Diretor da escola estadual Orlando Geríbola, em Osasco (Grande São Paulo), que entrou neste ano no PEI, Rodrigo Principal Antunes aposta que a possibilidade de trabalhar mais tempo com os alunos vai ajudar a melhorar os índices de aprendizagem.

Ele também comemora a drástica redução de faltas de professores, com o menor número de ausências permitidas pelo programa em comparação com as escolas regulares.

Mas velhos problemas permanecem. Segundo Rodrigo, em torno de 20% dos alunos do ensino médio de sua escola pediram transferência para trabalhar neste ano. Ele diz que a proporção é similar à de antes, com a diferença de que anteriormente os estudantes saíam não para estudar em unidades com menor carga horária, mas para outras com ensino noturno.

Expansão do tempo integral é forte no Nordeste

São Paulo não é o único estado a expandir sua rede de ensino em tempo integral.

Mapeamento do Instituto Sonho Grande, que apoia a implementação do tempo integral em 20 estados, mostra que hoje a rede paulista é a quinta com mais escolas de ensino médio com carga horária ampliada, atrás, em ordem decrescente, de Pernambuco, Paraíba, Ceará e Alagoas.

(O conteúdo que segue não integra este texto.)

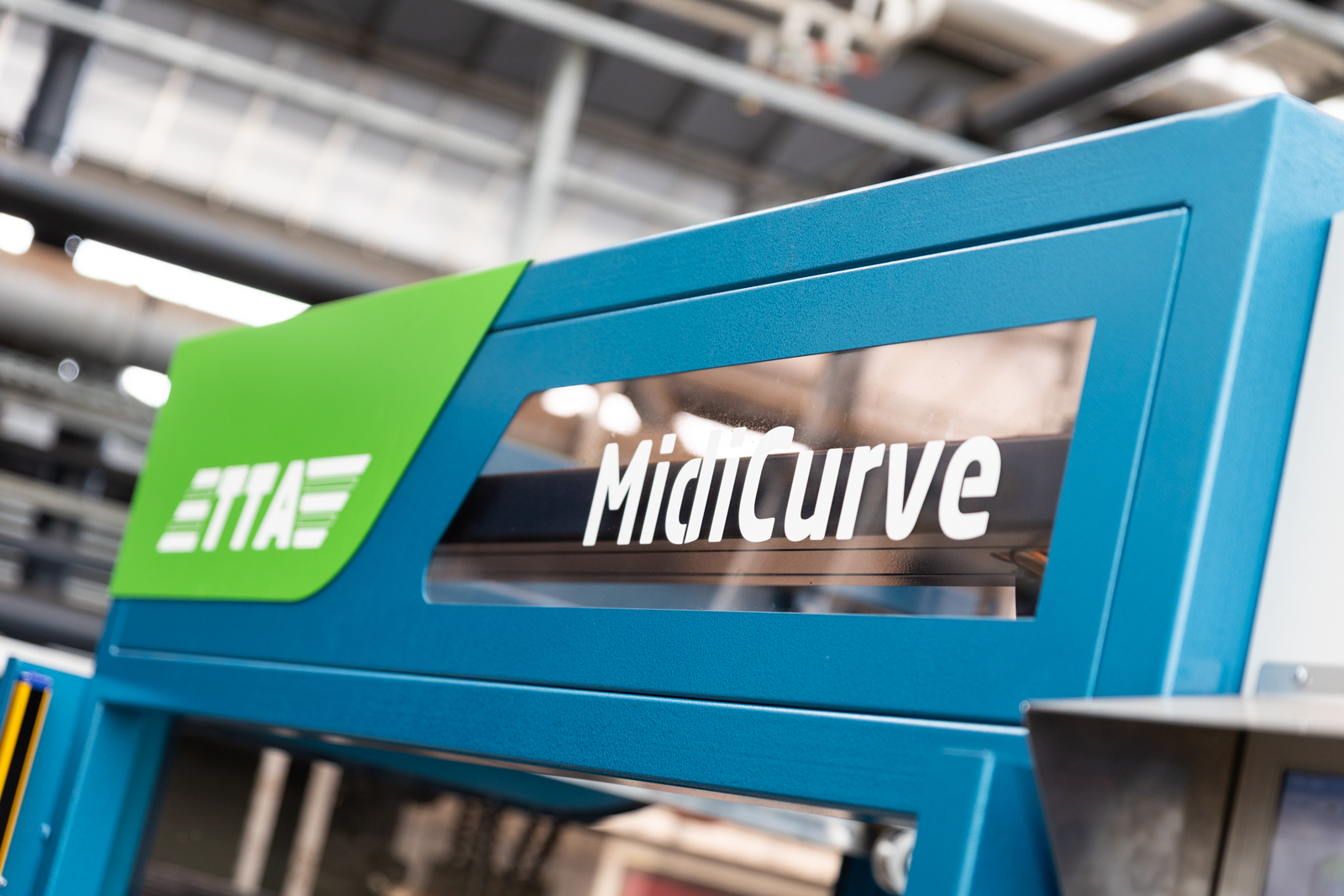 Nom de la machine MidiCurve, la remplisseuse de pots circulaire de TTA-ISO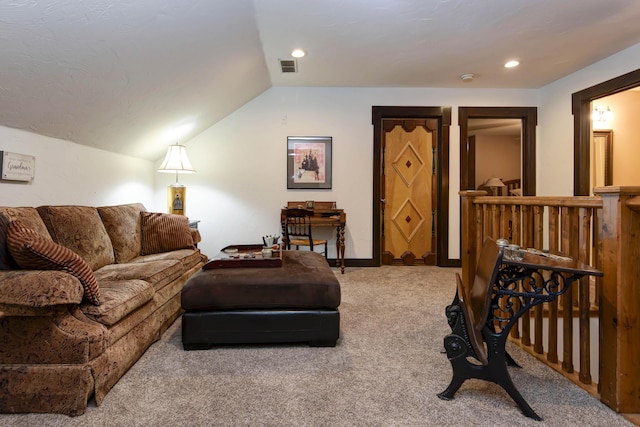 carpeted living area with visible vents, vaulted ceiling, and recessed lighting
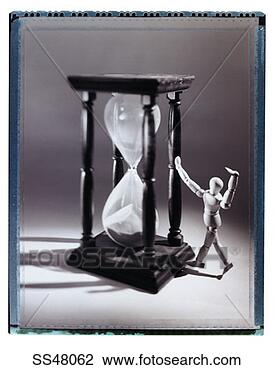 Stock Photo - artist's figure 
and an hourglass. 
fotosearch - search 
stock photos, 
pictures, images, 
and photo clipart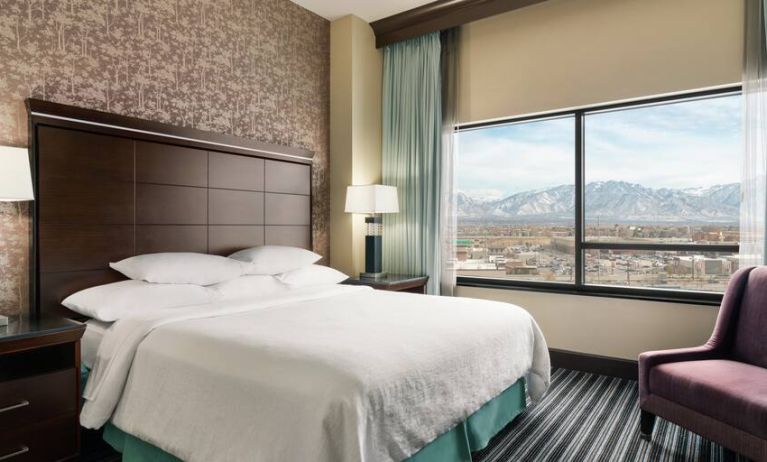 Bright king bedroom with large window at the Embassy Suites by Hilton Salt Lake City West Valley.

Para Ana Paula Pereira, CEO do instituto, o que os estudos tanto sobre o caso de Pernambuco como sobre o Mais Educação têm em comum é mostrar que o tempo a mais na escola tem que estar integrado ao currículo, e não ser um apêndice dele.

Diretora da Associação Escola Aprendiz, que ajudou a desenvolver o Mais Educação, Natacha Costa afirma que desempenho escolar não deveria ser a única métrica para analisar programas como esse.

Isso porque educação integral, diz, compreende outros aspectos, como cidadania, repertório cultural, desenvolvimento do corpo, sociabilidade, entre outros.

"Quando a gente fala em educação integral, não é fazer mais do mesmo. É ampliar o tempo de uma escola transformada, que diversifique as oportunidades educativas além da aula tradicional."

Erramos: o texto foi alterado

O sobrenome da CEO do Instituto Sonho Grande é Pereira, não Soares, como foi publicado em versão anterior deste texto.